Your list of possibles is pretty likely. Age of the selenium toner might
not be such a huge factor; mine is years old, and has occasionally stood
idle for many months. Exhaustion of the toner is a big deal; there is
little point in storing highly dilute selenium toner. I like mine fairly
concentrated, though, and that is expensive. I dilute selenium toner 1+5 in
distilled water, and I find that long before I suspect toner exhaustion,
solution carry-out on may sheets of paper has reduced the quantity to the
point I have to top up with fresh toner diluted 1+5. So exhaustion never
really enters into it.

Developer differences are crucial. For fine work I always start with a
fresh batch. Hopefully it will be the same as the previous time I mixed it,
eh?

But batch to batch differences in paper manufacture? I found MGW to be a
very reliable product. But definitely from time to time I noticed small
differences. Once I had a box of 11x14 sheets of MGW at the same time as I
had a box of larger sheets, I think 20x24. Both supposedly the same specs,
but the surface was different one t'other.
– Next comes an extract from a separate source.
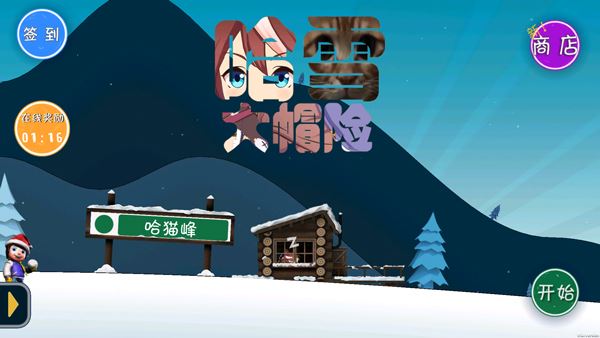 哈雪大冒险手机版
One's surface gloss was glossier
than from the other box. I'm pretty sure I've noticed different reactions
to developer and toner over the millennia, but I've never made the side by
side comparison you've been doing, so I have nothing to point to. Frankly,
I'd suspect manufacturer batch discrepancies first for the problem you're
describing, but Ilford could easily respond that my difficulties were
mainly long ago when the product was only a babe.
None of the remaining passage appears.